Best answer: Yeah, I think if this is generally the scale of things, rather than focusing on doing bits and pieces of each one, try to take whole days to set aside for one thing at a time. Not that they're all single-day affairs, but a full day will at the very least feel like a real dent made in it. A lot of them would probably get knocked off entirely. I can definitely confirm that this is the case with me. If I start off on a closet-organizing project and I just work on it a little here and there, it'll take awhile to get into it each time, I'll end up totally changing my mind about how I'm doing parts of it in between times so I'll spend half of my available time just redoing the parts I did the last time, whatever. So I'll say your instincts are probably right on. (And I'm now looking up a pomodoro app myself.)
posted by Sequence at 6:39 AM on December 4, 2013 [1 favorite]

In addition to the pomodoro method, you might find the kanban style of project/to-do list management helpful. I really love that particular website for keeping track of projects, but you could also go low tech and use post-it notes.
posted by katie at 6:48 AM on December 4, 2013 [2 favorites]

It sounds like you need to give yourself a break. I think first and foremost, you need to forgive yourself for not being able to get these tasks done by now. A majority of the tasks on your list are not "do or die", and your stressing about them is negatively impacting your life and hindering your progress.

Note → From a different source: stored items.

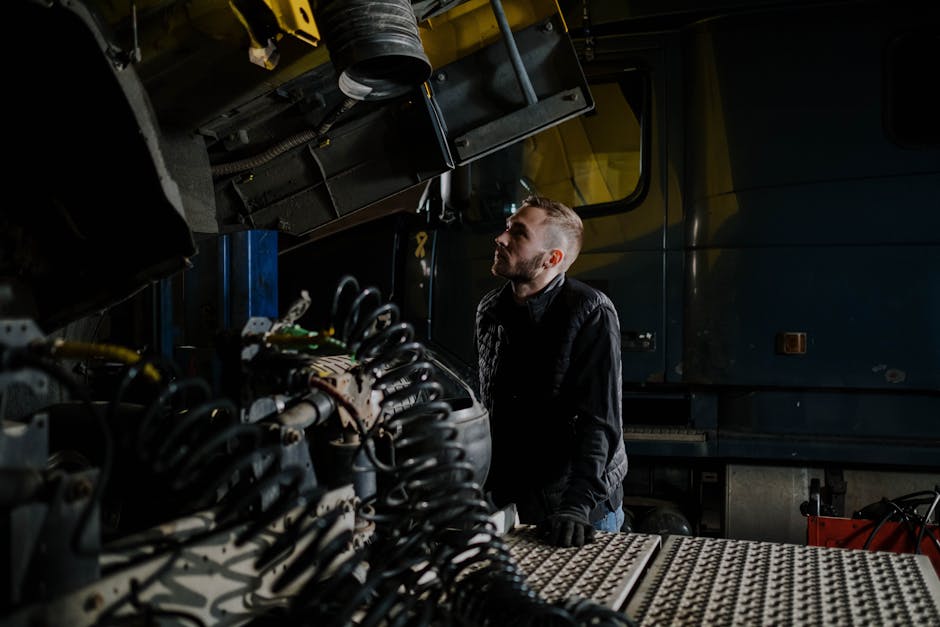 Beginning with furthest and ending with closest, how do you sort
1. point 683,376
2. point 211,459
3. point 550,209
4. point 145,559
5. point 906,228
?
point 683,376 < point 906,228 < point 550,209 < point 211,459 < point 145,559

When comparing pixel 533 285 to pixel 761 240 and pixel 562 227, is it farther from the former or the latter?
pixel 761 240

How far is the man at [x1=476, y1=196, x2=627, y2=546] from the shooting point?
239 centimetres

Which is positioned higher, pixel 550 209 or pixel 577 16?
pixel 577 16

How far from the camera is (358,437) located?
1362 millimetres

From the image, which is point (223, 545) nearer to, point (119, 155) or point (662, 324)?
point (119, 155)

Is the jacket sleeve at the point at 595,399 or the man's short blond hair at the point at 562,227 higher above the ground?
the man's short blond hair at the point at 562,227

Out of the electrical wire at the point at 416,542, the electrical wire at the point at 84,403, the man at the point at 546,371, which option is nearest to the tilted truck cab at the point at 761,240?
the man at the point at 546,371

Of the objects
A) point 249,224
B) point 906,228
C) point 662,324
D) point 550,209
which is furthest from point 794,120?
point 249,224

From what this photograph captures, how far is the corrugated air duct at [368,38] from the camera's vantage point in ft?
6.11

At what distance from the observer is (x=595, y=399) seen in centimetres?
235

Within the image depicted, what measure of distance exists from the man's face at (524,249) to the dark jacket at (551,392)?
3.7 inches

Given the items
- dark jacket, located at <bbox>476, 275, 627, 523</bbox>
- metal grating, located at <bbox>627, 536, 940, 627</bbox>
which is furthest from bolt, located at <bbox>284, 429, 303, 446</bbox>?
dark jacket, located at <bbox>476, 275, 627, 523</bbox>

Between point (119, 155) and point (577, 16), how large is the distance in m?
2.49

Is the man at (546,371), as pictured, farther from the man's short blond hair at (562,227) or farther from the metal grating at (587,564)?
the metal grating at (587,564) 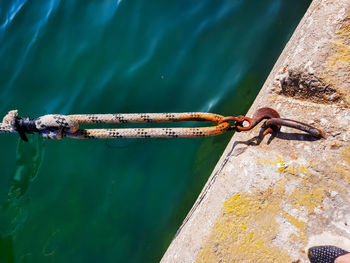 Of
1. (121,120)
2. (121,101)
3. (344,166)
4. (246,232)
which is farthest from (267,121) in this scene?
(121,101)

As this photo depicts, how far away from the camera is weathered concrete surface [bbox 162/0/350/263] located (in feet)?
4.79

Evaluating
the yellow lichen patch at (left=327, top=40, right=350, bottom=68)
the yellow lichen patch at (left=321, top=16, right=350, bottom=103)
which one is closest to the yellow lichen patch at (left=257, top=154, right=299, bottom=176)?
the yellow lichen patch at (left=321, top=16, right=350, bottom=103)

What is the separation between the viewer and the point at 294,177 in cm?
157

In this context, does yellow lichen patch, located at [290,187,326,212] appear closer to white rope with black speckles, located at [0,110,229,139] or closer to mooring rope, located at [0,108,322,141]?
mooring rope, located at [0,108,322,141]

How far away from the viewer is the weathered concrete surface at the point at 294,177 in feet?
4.79

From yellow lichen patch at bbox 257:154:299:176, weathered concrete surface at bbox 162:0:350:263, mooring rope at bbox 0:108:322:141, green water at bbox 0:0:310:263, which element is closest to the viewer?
weathered concrete surface at bbox 162:0:350:263

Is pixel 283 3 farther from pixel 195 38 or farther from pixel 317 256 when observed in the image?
pixel 317 256

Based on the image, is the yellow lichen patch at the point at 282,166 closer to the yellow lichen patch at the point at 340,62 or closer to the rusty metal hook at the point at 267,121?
the rusty metal hook at the point at 267,121

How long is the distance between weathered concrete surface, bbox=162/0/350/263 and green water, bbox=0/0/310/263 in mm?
1352

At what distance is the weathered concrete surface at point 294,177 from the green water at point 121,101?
1.35m

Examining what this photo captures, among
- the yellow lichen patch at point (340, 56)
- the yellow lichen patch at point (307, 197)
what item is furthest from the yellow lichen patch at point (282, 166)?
the yellow lichen patch at point (340, 56)

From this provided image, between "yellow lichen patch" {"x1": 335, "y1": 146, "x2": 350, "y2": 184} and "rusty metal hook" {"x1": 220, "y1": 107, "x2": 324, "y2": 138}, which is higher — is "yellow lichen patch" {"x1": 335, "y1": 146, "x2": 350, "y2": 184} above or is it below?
below

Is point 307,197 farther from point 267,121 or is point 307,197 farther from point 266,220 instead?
point 267,121

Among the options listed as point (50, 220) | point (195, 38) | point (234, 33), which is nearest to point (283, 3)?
point (234, 33) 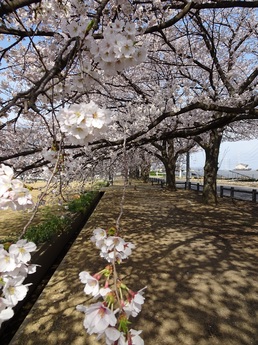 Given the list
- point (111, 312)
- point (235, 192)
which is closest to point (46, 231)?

Is there a way that you can re-organize your schedule to ban these tasks from your weekday life, and perhaps dedicate a larger chunk of (way more productive) time to them on the weekends? For example, if you usually schedule grocery shopping, house cleaning, and laundry on weekends, could you swap those tasks/time slots out with the 1.5 hours you have set aside nightly for your personal projects? While regular chores and errands can be accomplished with little thought, your personal projects definitely need more care and attention to actually make measurable progress, and I think larger chunks of time will benefit you greatly.

Additionally, I think you've already identified another thing that needs tweaking - you need to work on one task at a time. If you get burned out easily on projects, work on one thing for as long as possible (that may take you a day, a week, or a month) until you hit a wall, and then put that down and move on to the next highest priority task. Something that has helped immensely with my own anxiety in this type of situation is to put the non-active projects out of my mind completely. If you make the decision to focus on one project at a time, then there is no sense in worrying about non-completion of the other projects. You will get to them eventually. You have a plan. You are not allowed to worry about projects until they enter the position of main focus in your task list rotation.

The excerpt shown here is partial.